### What is needed
Please keep pictures out and return the lines below exactly, from the one holding "Costume mare Alphaclub" through the last, both included.

### Recorded information
☆ ☆ ☆ ☆
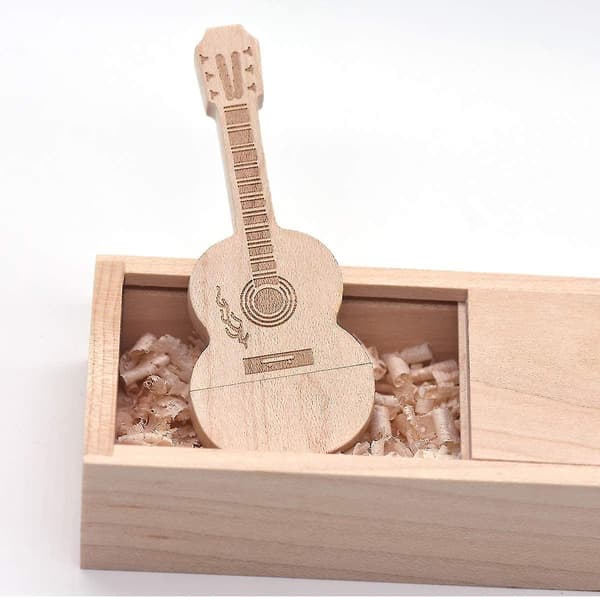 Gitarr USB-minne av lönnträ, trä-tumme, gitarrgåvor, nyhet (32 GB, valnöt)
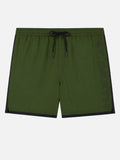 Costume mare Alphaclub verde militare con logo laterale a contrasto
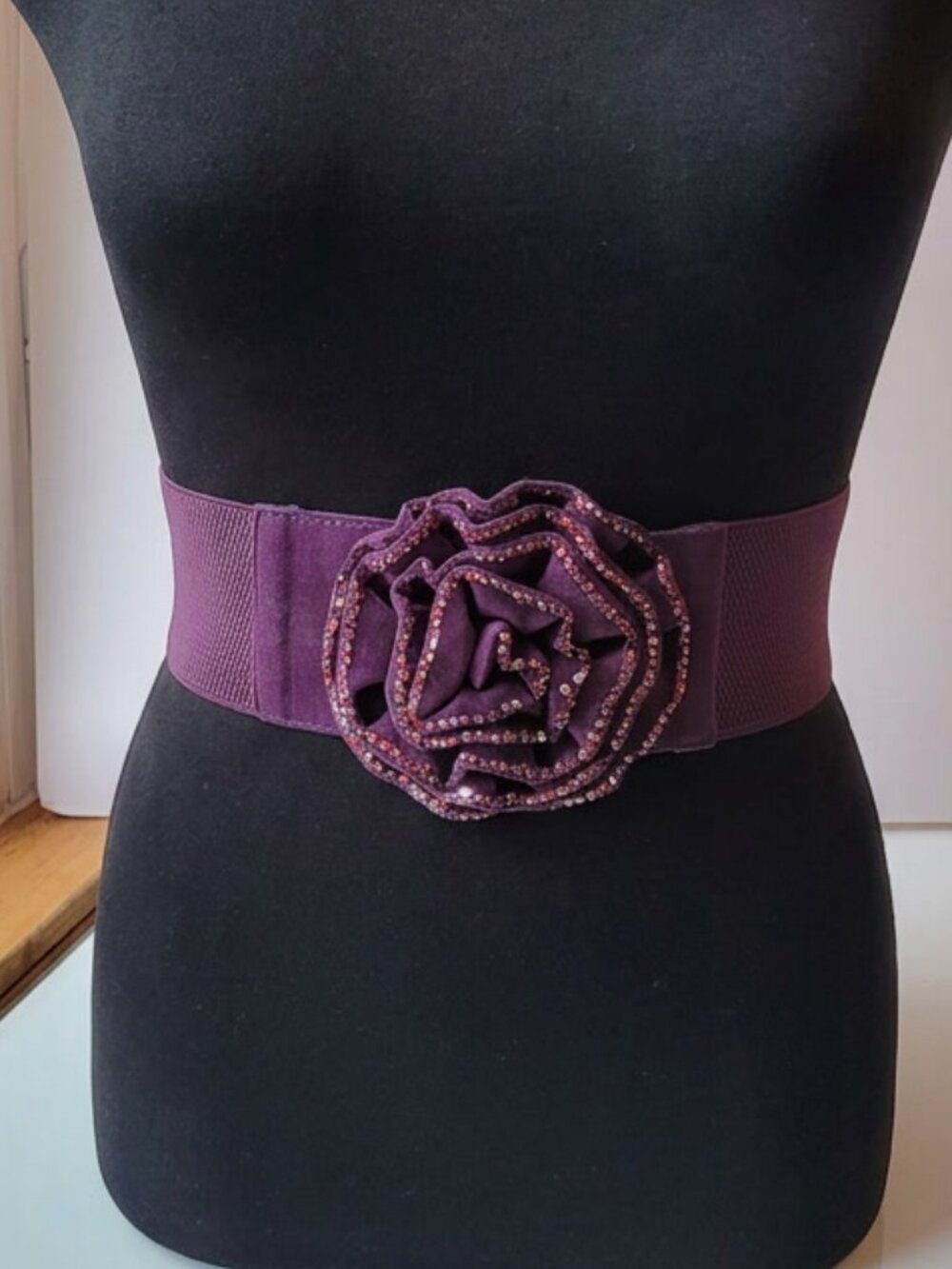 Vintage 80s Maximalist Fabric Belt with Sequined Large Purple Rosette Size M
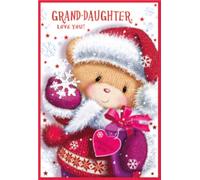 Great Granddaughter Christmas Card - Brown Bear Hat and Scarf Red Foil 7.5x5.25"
☆ ☆ ☆ ☆
### Reply to the task
 Costume mare Alphaclub verde militare con logo laterale a contrasto
 Vintage 80s Maximalist Fabric Belt with Sequined Large Purple Rosette Size M
 Great Granddaughter Christmas Card - Brown Bear Hat and Scarf Red Foil 7.5x5.25"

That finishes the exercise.